Since ancient times, the floral world has provided a garden of delights for artists and naturalists, from simple herbals and botanical illustrations to its high point in seventeenth-century Dutch vanitas paintings – floral bouquets disguising symbolic or moral lessons. From the dawn of modernism, artists have chosen flowers to express a range of possibilities in scale, form and feeling, from Georgia O’Keeffe to Ellsworth Kelly to Jennifer Bartlett to Robert Mapplethorpe.
“Today, artists continue to challenge boundaries across media and styles inventing new ways of revitalizing this time-honored art form. We are more than ever conscious of humanity’s impact on the natural world and on the key role played by flowers in the interdependent cycle of existence. The exhibition reconsiders this new world view through a survey of individual responses created by artists who are represented by Arts on Douglas,” states guest curator Dr. Jim Murphy.
Dr. Murphy was the first program director of Atlantic Center for the Arts and served as executive director of the Society for Photographic Education. He has been an independent curator to arts organizations and is the author of reviews, articles and catalogue essays. He has held full-time faculty positions at the University of Alabama, Stetson University, and Florida State University, where he served as chairman of the Department of Art. He holds M.A. and Ph.D. degrees in Art History from Florida State University.

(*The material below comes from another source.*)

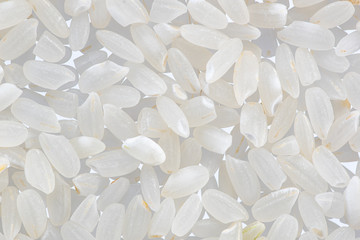 round grain peeled seeds on a white background top view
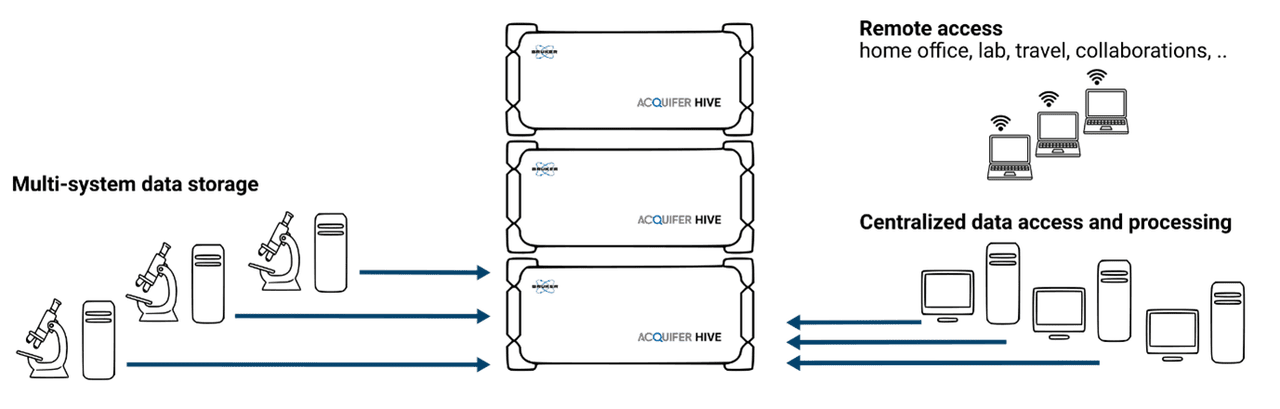 Hive Gpu The Acquifer HIVE | Bruker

In conjunction with the exhibition, beekeeper and ACA Trustee Doug McGinnis will present a talk entitled How Flowers Taught Bees to Be Vegetarians on Saturday, June 18 at 11am. “We all love flowers—their colors and shapes, and particularly when they have a fragrance. Yet 200 million years ago, flowers refined their allure not for humans, but to attract pollinators to help them reproduce. These “strategies” have paid off for all life on Earth,” states Doug McGinnis.
McGinnis' previous family business, Tropical Blossom Honey Co., had been collecting honey from beekeepers in Florida since the 1940's. McGinnis established an apiary on ACA grounds and regularly brings visiting artists out to the hives to observe the bees feasting on the wide variety of native flowers. McGinnis has also served on the National Honey Board and the National Honey Packers and Dealers.